東日本大震災から11日で1年を迎える。今なお34万3935人が全都道府県に散って避難生活を送り、うち11万6787人が7県の仮設住宅に暮らす。死者は自然災害で戦後最悪の1万5854人に上り、3155人は行方が分からないまま。岩手、宮城、福島3県で推計約2253万トンのがれきが発生したが、最終処理済みは6%にとどまる。被災自治体の復興計画は5~10年での完了を想定し、道のりは遠い。福島県はこれに加え、放射能汚染にも苦しむ。被災地では「風化」を懸念する声が強く、継続的な支援が求められている。【北村和巳】(毎日新聞)

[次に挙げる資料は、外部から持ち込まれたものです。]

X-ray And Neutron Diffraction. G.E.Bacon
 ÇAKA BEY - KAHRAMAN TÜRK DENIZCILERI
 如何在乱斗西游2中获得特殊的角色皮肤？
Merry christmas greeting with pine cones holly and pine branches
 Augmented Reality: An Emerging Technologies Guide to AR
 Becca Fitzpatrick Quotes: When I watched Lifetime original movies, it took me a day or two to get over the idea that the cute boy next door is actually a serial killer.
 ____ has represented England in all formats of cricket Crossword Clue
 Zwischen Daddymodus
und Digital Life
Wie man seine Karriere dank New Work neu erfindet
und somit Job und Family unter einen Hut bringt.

1年前の出来事が10年にも感じられる。多くの人達の人生が変わった。

震災から3週間後に訪れた三陸の町は、言葉に言い表すことが出来なかった。涙が止まらなかった。福島や宮城や岩手の人達が、何か大地の怒りを買うようなことをしただろうか。一生懸命働き、質素に暮らしてきた人達の、家も家族も奪い去ってしまった津波。この風景が、誰かが作ったタチの悪いCGであればと、何度思ったことだろうか。

あの日、強烈な揺れを感じた瞬間、僕は塾を飛び出していた。揺れは大きくなりばかり。僕の脳裡には、石巻女川原子力発電所の最悪の状況が何度も浮かんでは消え、浮かんでは消えた。

聞こえてきたラジオからは、津波に対する避難が繰り返されていた。しかしその時、すでに巨大津波が多くの港町を襲っていた。

女川が崩壊したならば、早く家族を避難させなければ、僕は信号機が止まり、混雑する道路を必死に自宅に急いだ。

福島原子力発電所の放射能が、この岩手の地に及ぶなど誰が想像しただろうか。チェルノブイリの悲劇を、どこか遠くの出来事のように思っていた自分の薄情さが、情けなかった。

福島の方々の危機を、何処かで、女川じゃなくて良かったと思っている醜い自分がいた。

電気が復旧した8日後、ユーチューブ動画で配信された津波の映像に言葉を失った。そしてドイツやフランスがインターネットで配信してきた福島第1原発の放射能のモニターリングの拡散の様子が、僕をフリーズさせた。

大変なことが起きてしまった。沿岸部に住んでいる友人や知人たちの安否が気になったが、連絡がとれない。

宮城県内のフランス人らが母国に強制帰国させられた。一関市内からもアメリカからやってきていたキリスト教の宣教師達の姿が消えた。

市内の火葬場では、津波で亡くなられた方々の火葬が毎日行われ、市内で亡くなられた方々の葬儀もままならない状況がしばらく続いた。

今日は様々な追悼が各地で行われるが、震災はまだまだ続いている。これからが正念場だろう。